Arguably, the HPD SWAT team runs often enough to stay in better shape than the Houston Texans. In the Burnet area where the competition was held, they faced a crucial obstacles that doesn’t come with the Houston territory: the hills of the Texas Hill Country.

Lopez said the team well remembers that up-and-down terrain at the 49-square-mile ranch, saying, “Our legs felt those hills.”

Let there be no doubt that this team is a part of HPD’s SWAT that constantly stays in shape for the real events that could unfold any day in Houston.

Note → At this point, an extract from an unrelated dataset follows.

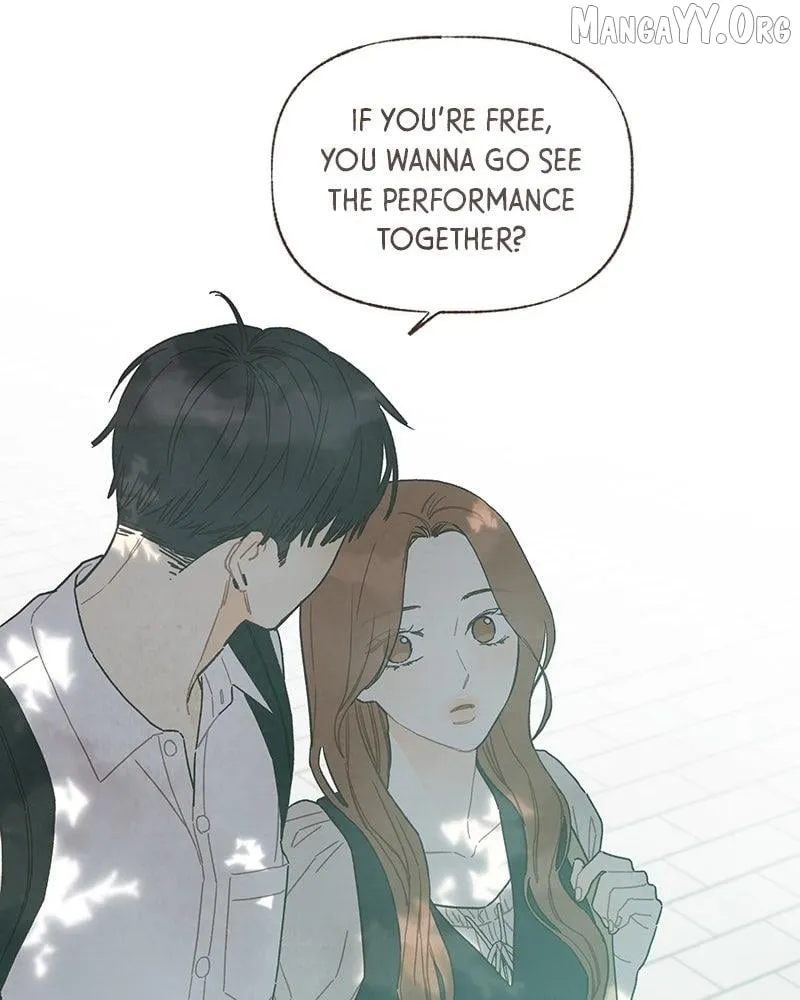 Emotional Transference Chapter 46 page 57 -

Under Capt. Smith are Lt. Richard Besselman and three sergeants, Thomas Calabro, Christopher Phillips and Dennis Garrett. It goes without saying that HPD’s entire contingent of about 35 officers backed their competitive colleagues 100 percent. So was (is) the Houston Police Officers Union, which sponsored the SWAT competition team in both Burnet and at Swat Round-up International.

The competition has been held since the late-1990s. HPD SWAT finished in third place last year in events that the San Antonio SWAT team has dominated since the early 2000s. This year marked the first time HPD SWAT finished in first place.

It was a close race. Final standings show HPD won by two points over second-place Round Rock PD and three points ahead of Irving PD. Rounding out the Top 10 in finish order were Grand Prairie, Lubbock, McKinney and Austin. San Antonio and Bexar County SO finished eighth and ninth, respectively, and Beaumont PD in the tenth place.

HPD SWAT won first place in three events – sniper-initiated hostage rescue, tower repel and obstacle course.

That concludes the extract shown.